What is needed → Below are the records to transcribe exactly; do not include any images.
*** Opening of Data ***
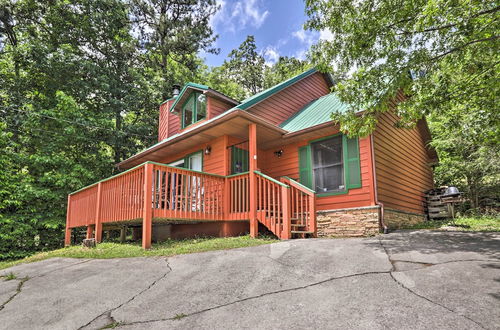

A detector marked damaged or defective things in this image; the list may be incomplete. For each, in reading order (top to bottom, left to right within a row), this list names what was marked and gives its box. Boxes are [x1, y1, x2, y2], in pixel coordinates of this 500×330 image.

asphalt crack [0, 276, 29, 312]
asphalt crack [78, 258, 172, 330]
asphalt crack [118, 270, 390, 328]
asphalt crack [378, 237, 488, 330]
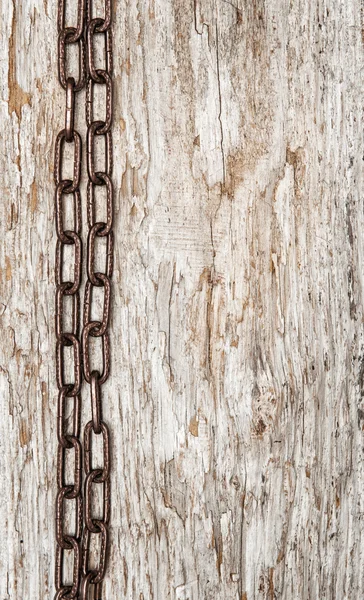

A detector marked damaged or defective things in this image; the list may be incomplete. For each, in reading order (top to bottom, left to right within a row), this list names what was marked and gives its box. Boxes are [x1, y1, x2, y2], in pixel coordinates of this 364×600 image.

rusty metal chain [54, 2, 112, 596]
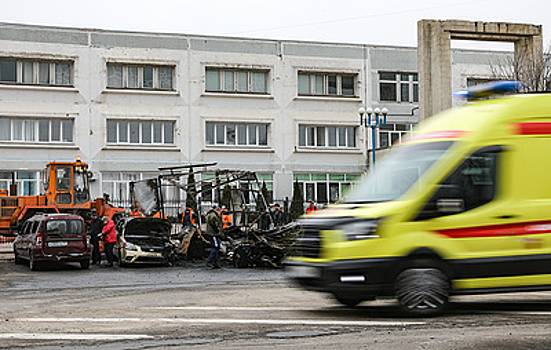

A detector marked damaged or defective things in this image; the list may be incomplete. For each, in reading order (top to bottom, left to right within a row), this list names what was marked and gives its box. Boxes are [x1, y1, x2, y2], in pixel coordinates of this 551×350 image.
*** Close of Data ***
Expected answer →
A detector marked damaged or defective things in this image; the list may be incomplete. For each, in reading order (top to bottom, left to right within a row), this list names what was marked and gives its box. Boxes are [x1, y1, x2, y2], in pixel coordinates of this 500×330 image.

asphalt crack [0, 276, 29, 312]
asphalt crack [78, 258, 172, 330]
asphalt crack [118, 270, 390, 328]
asphalt crack [378, 237, 488, 330]

A detector marked damaged or defective things in this image; the list may be incomplete. For each, in reading order (top to bottom, left to right within a row), this list names what was marked and gives its box. Boxes are [x1, y1, x2, y2], in pixel coordinates of this 364×600 image.

rusty metal chain [54, 2, 112, 596]

A detector marked damaged or defective things in this image; the list may be incomplete. For each, in reading order (top to bottom, left to right within a row), this list names what was marked and gives its box. Boxes are [x1, y1, x2, y2], in pixel coordinates of this 551×350 image.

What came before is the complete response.